> _ABOUT THIS EXERCISE_
Write down exactly the lines of the listing below, beginning with the one containing "Gemstone Christmas Tree Brooch" and closing with the final line.

> _THE DATA_
▼

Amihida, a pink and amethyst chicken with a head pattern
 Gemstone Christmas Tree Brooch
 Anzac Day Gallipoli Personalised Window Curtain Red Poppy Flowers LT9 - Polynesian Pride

▲

> _YOUR SOLUTION_
 Gemstone Christmas Tree Brooch
 Anzac Day Gallipoli Personalised Window Curtain Red Poppy Flowers LT9 - Polynesian Pride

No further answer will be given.